We had this idea, and then we actually made it into a reality, and [now] we can show this to people and not be embarrassed.

— Brooklyn Conner

“[Gumshoe Affair is] going to be the best film out there,” Jack said. “Our plot structure is really well done. I was a little nervous because it’s not confusing, but there are a lot of details in a way. But watching it back, it does flow really well, and it’s long, but it’s probably one of the better plot structures, and it’s entertaining. You could see us being kind of funny out there, and it’s just overall a great film, and I think there’s a lot of great films out there this year.”

Much like Jack’s group, senior Brooklyn Conner’s group also had to work around their busy schedules. 

Brooklyn worked with seniors Bella Beckering, Abby Drueke, and Alexa Parent to create their film, Reflection: a story about a foreign exchange student with a secret. Since they all have busy schedules, it was difficult for them to coordinate with one another while shooting scenes, especially since they had some people in the film that were outside of their group. However, after almost a year of preparation and obstacles, Reflection was finally coming together.

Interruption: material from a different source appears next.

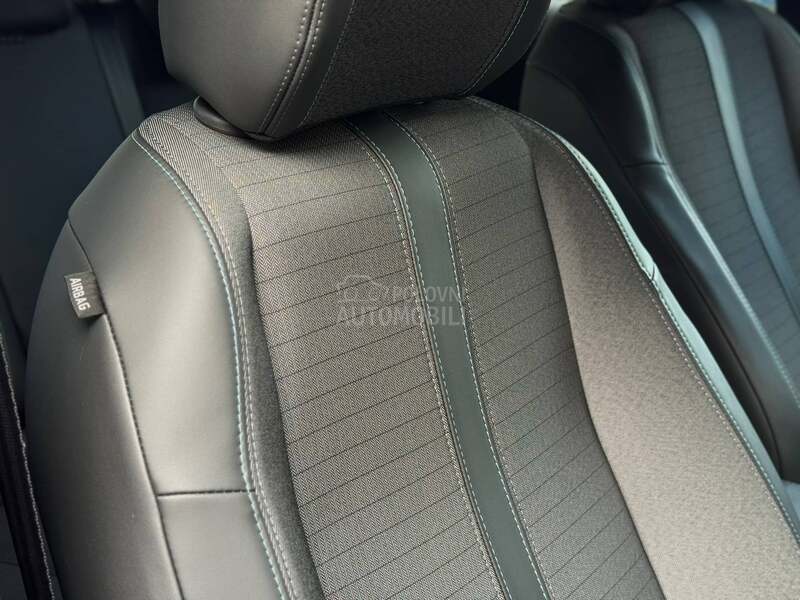 Peugeot 208 Alure/Kamera/Virtual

“The last couple of weeks, we’ve been editing and putting everything together to make sure that it looks clean and that all of our clips fit in,” Brooklyn said. “We’ve been having to refilm things [to] make sure everything looks good. Some difficulties definitely were getting everyone together to make sure we could get the filming done, which was probably the hardest part of everything, just because some scenes required us to go to the airport. Some scenes required us to be at [senior Emily Smith’s] house. We just had to make sure we had our actors there, who all have busy schedules, so it’s pretty hard to make sure that everyone can be there and we have someone to film and have all the equipment there.”

Brooklyn’s group began working on their screenplay around November, which counted as their final exam for first semester. Beginning in January was the laborious task of actually putting together the puzzle pieces of Reflection and watching it all come together right in front of their eyes.

One of the best feelings for Brooklyn was when she and her groupmates were finally finished, and a wave of fulfillment and contentment washed over them.

“We’ve been working on [Reflection] for so long,” Brooklyn said. “We had this idea, and then we actually made it into a reality, and [now] we can show this to people and not be embarrassed.”

All the groups showing their film at Film Fest Have been under constant stress of meeting their deadline. Their teacher, Mr. Manders, has watched as they have been putting in strenuous work to add necessary details and refinements, ensuring that their short films are perfect for today.

“Friday, [April 29], is the hard deadline,” Manders said. “If I don’t have them, they don’t get to be in the festival. So, there’s a lot of pressure right now—there’s a lot of stress. I had kids show up at 6:00 p.m. this morning. I had to kick them all out of here at like 4:15 p.m. last night. I have kids at lunch showing up during my other classes. I mean, this is really crunch time right now, but it’s great. It’s just kind of that, especially for the seniors. This is the last big hoorah for kids who’ve been in FX for maybe two, three years.”

Because of COVID-19, last year’s Film Fest had a more open format so students could maintain social distancing. This year, Manders is going back to its original layout. Instead of showing films in the cafeteria, gym, and library, they will be in rooms such as the Lecture Hall and other classrooms.

Film Fest has been around since before Manders was a teacher at FHC. He kept the tradition alive because not only did the students love it, it presented the opportunity to take their creativity to a whole other level and show off their skill sets to their peers.

“Film projects are fun—they’re entertaining,” Manders said. “They allow [students] to explore some of their interests, their creativity, [and to] have some fun with these stories as opposed to their newsy stories.”